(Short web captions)

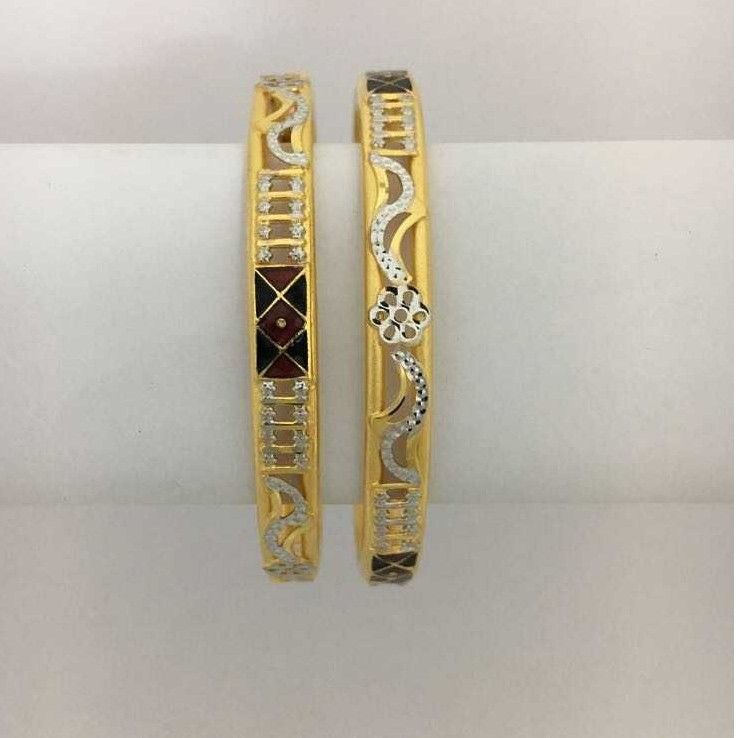 916 Gold Ladies Bangles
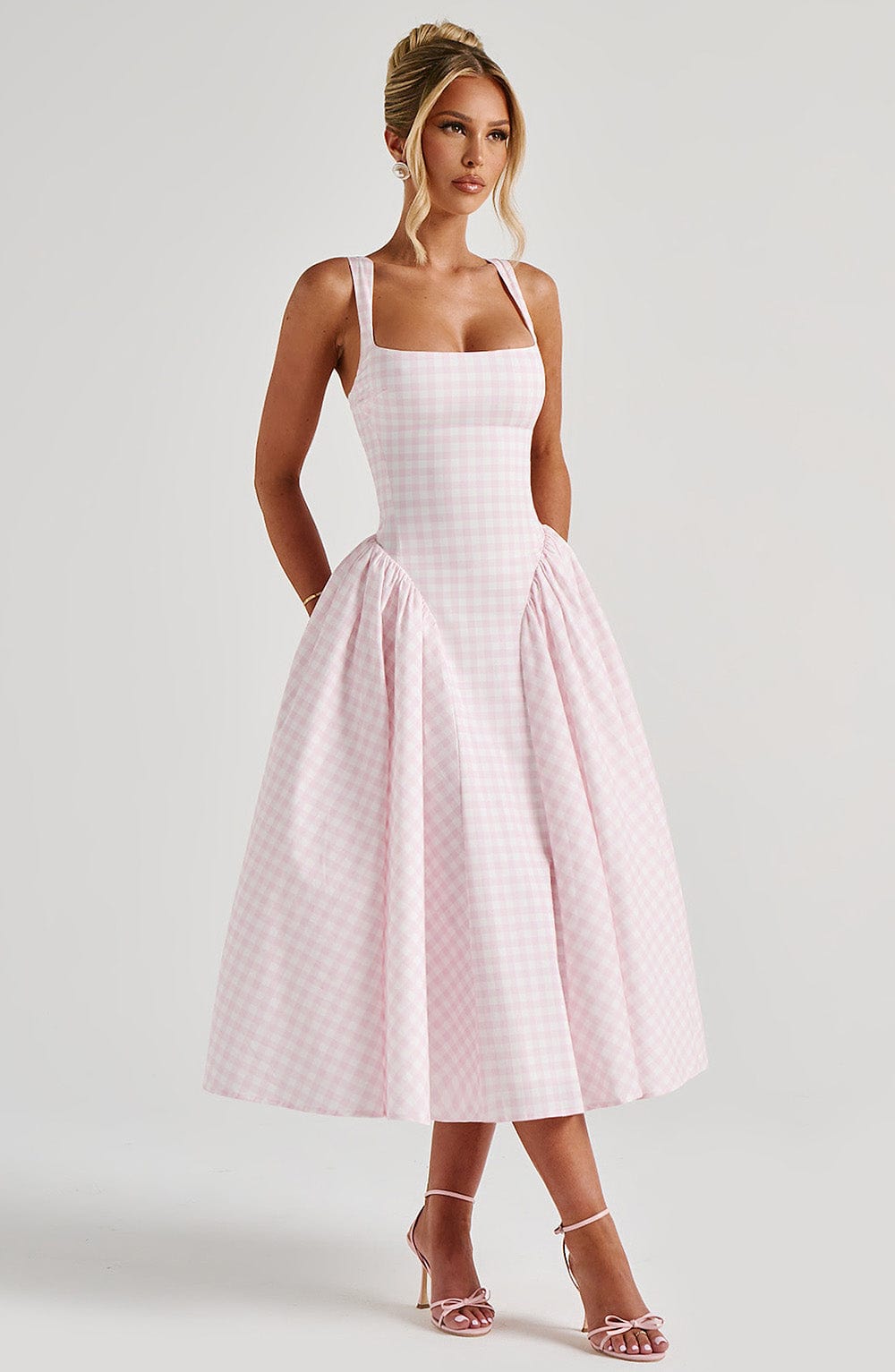 Women's Dress Gingham Fabric Fitted Bodice Adjustable Straps Midi Skirt - Seldom Seen Styles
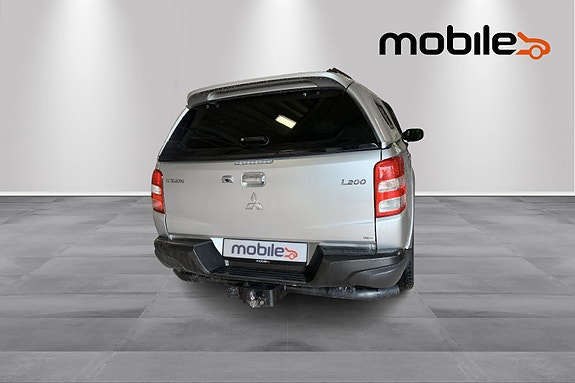 Mitsubishi L200 4 of 26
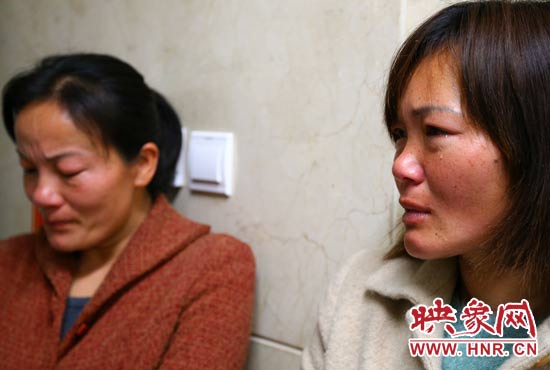 提及現(xiàn)狀，柴小快的女兒不住流淚。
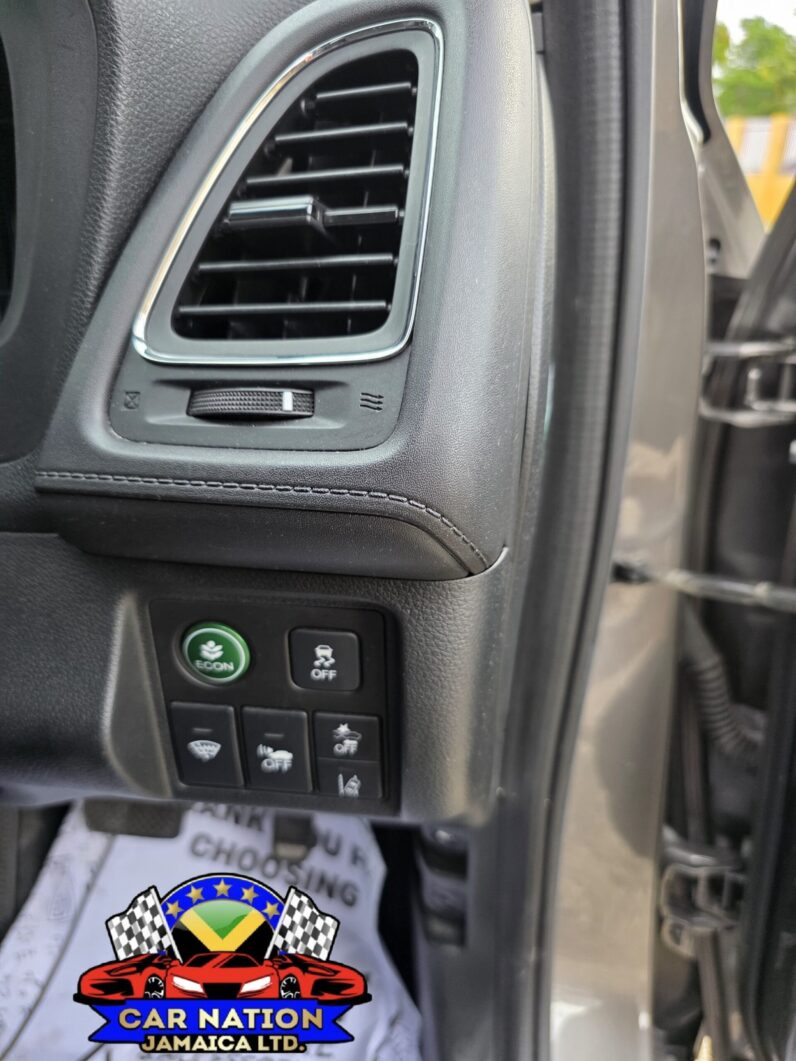 
								2019 Honda Vezel full									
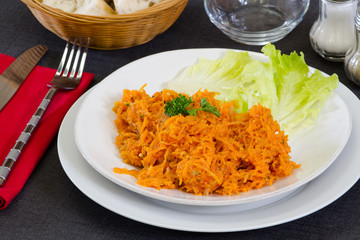 assiette de carottes râpées
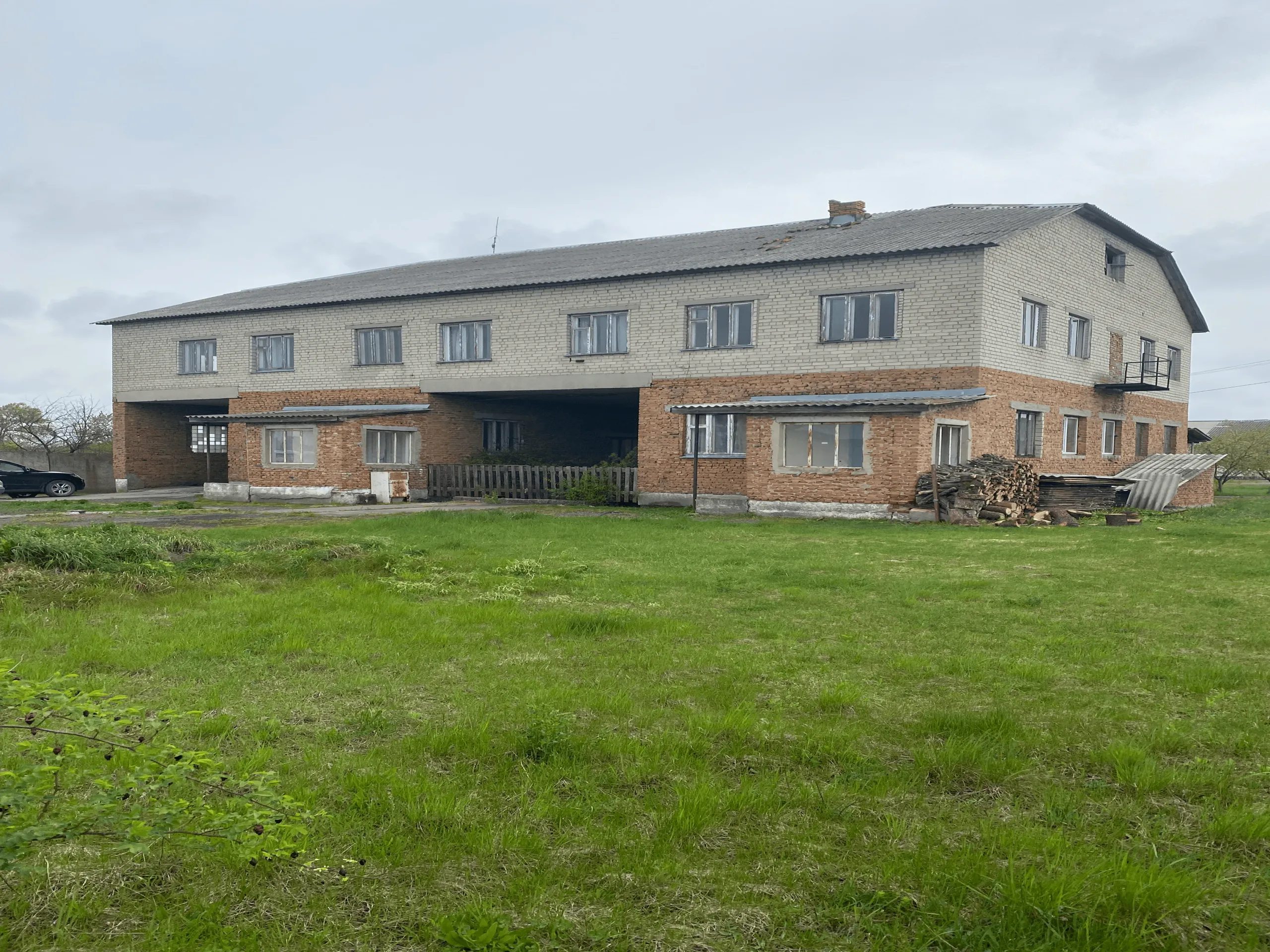 Property for sale for production purposes 11 rooms, 5000 m², 1st fl./1 floor. Radekhiv. 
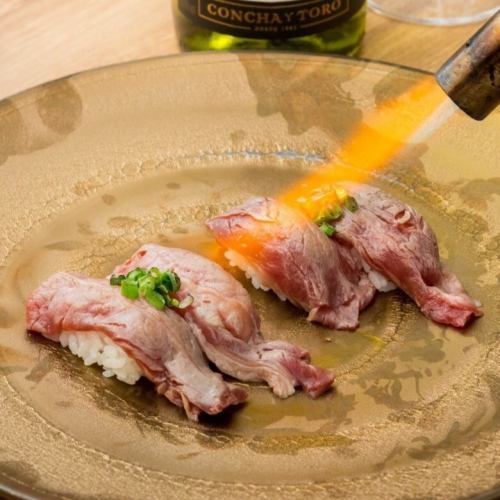 国産A5黒毛和牛の炙り肉寿司(一貫)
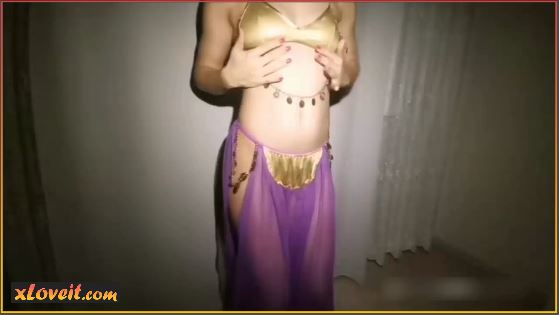 Dansöz kıyafeti giydirip daks ettirdiği sevgilisini sikti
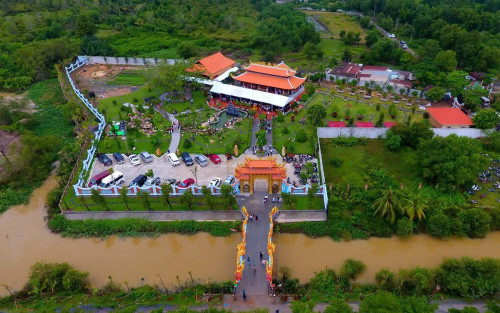 Nhà Hoài Linh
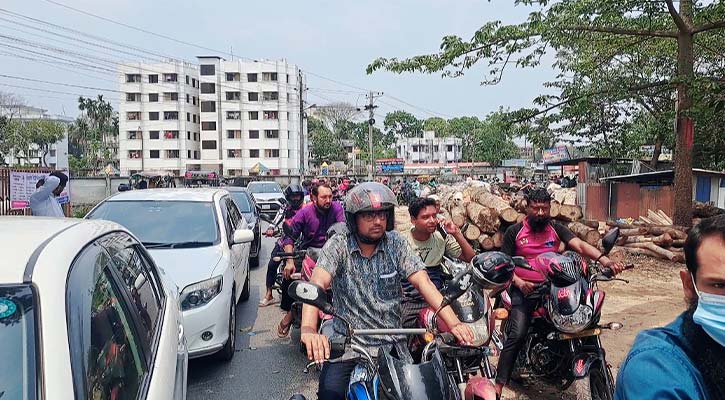 রংপুরে জ্বালানি সংকটে চরম ভোগান্তিতে মোটরসাইকেল ও প্রাইভেটকার চালকরা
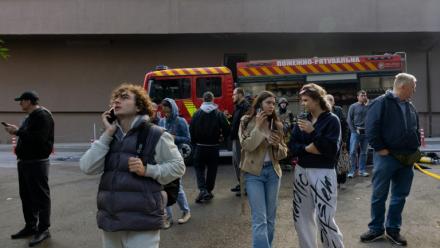 Des habitants observent un immeuble résidentiel endommagé après une frappe de drone russe à Kiev, le 25 septembre 2026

WHAT YOU ARE ASKED TO DO: The answer should contain only the lines from the start of the records above through the line with "Dansöz kıyafeti giydirip", copied exactly, and no pictures.

RESULT OF THE TASK:
 916 Gold Ladies Bangles
 Women's Dress Gingham Fabric Fitted Bodice Adjustable Straps Midi Skirt - Seldom Seen Styles
 Mitsubishi L200 4 of 26
 提及現(xiàn)狀，柴小快的女兒不住流淚。
								2019 Honda Vezel full									
 assiette de carottes râpées
 Property for sale for production purposes 11 rooms, 5000 m², 1st fl./1 floor. Radekhiv. 
 国産A5黒毛和牛の炙り肉寿司(一貫)
 Dansöz kıyafeti giydirip daks ettirdiği sevgilisini sikti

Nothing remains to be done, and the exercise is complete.